A microcredential pilot is a two-way door. So is a short-term partnership with an employer or a faculty-led experiment with AI in the classroom. You can test, learn, and adapt before the stakes get too high.
Even something as simple as a one-year contract instead of a five-year license can turn a one-way door into a two-way one. It’s not about avoiding commitment; it’s about designing decisions that invite learning.
The future of higher education isn’t about locking in—it’s about learning faster. The institutions that thrive aren’t the ones that build the most elaborate doors. They’re the ones that leave themselves room to step back through.
When Our Paths Become Dangerous
The problem isn’t that higher education doesn’t know how to open two-way doors. It’s that our institutional systems keep closing them too soon.

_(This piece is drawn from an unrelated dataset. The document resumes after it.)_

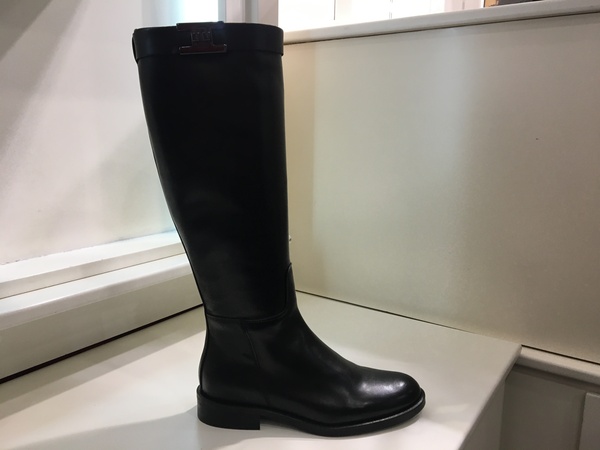 Stivale in pelle nera con fibbia laterale.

A small pilot turns into a standing committee. A one-year trial becomes a permanent line item. A flexible partnership gets codified into policy. Even experiments that start as learning exercises often end up formalized before anyone has had time to really learn from them.
It’s not malice. It’s just our culture. Institutions reward commitment. They value permanence. They trust permanence.
More concretely, the task forces and committees we form? They can’t go on forever. They have goals and a need to create closure.
Boards want certainty. Accreditors want evidence of stability. Every decision moves toward the safety of the one-way door, because stability feels like progress.
But that instinct comes at a cost. When the world changes—and it always does—those same systems that once provided stability start to slow you down. The very structures built to protect the institution begin to trap it.
That’s the dangerous part. The doors don’t close overnight. They close quietly, one approval at a time, until you realize the institution isn’t learning anymore. It’s just defending the decisions it’s already made.
Why I Love Two-Way Doors
Two-way doors aren’t hypothetical. They’re how organizations learn when the world around them is changing faster than they can plan.
A pilot course, a short-form credential, a one-year partnership, a limited faculty experiment with AI. These can just as easily be seen as small, reversible moves that generate insight without locking anyone in. Like creating space for discovery, for trial and error, for listening to what students and faculty actually experience before turning an experiment into a system.
Most universities already run pilots, but they don’t always protect them as two-way doors. The impulse to formalize—to declare success, scale up, and make permanent—kicks in too quickly. Before long, the experiment becomes another one-way door, and the chance to learn from it disappears.
That’s what agility looks like when it’s working: not endless experimentation, but a discipline of keeping doors open long enough to learn what’s on the other side.
Try This Next Time
Before your next big decision, pause and ask three questions:
Is this a one-way door or a two-way door?
Can you change your mind later? If yes, it’s probably a two-way door. So move fast and learn. If you get this wrong, how hard is it to undo? If the answer is very, it’s a one-way door. Slow down before you decide!
Can we design this to be reversible?
Could you frame it as a pilot? Add a exit clause? Limit the scope or timeline? Remember, most one-way doors start out as two-way ones. You just have to protect the exit before you walk through.
What are we learning by doing this?
The goal isn’t just to decide but to learn. If you can’t clearly say what you expect to learn, you’re probably not opening a two-way door.
Institutions that thrive in the next decade won’t be the ones that find the perfect solutions. They’ll be the ones that keep the doors open long enough to adapt when the world changes again.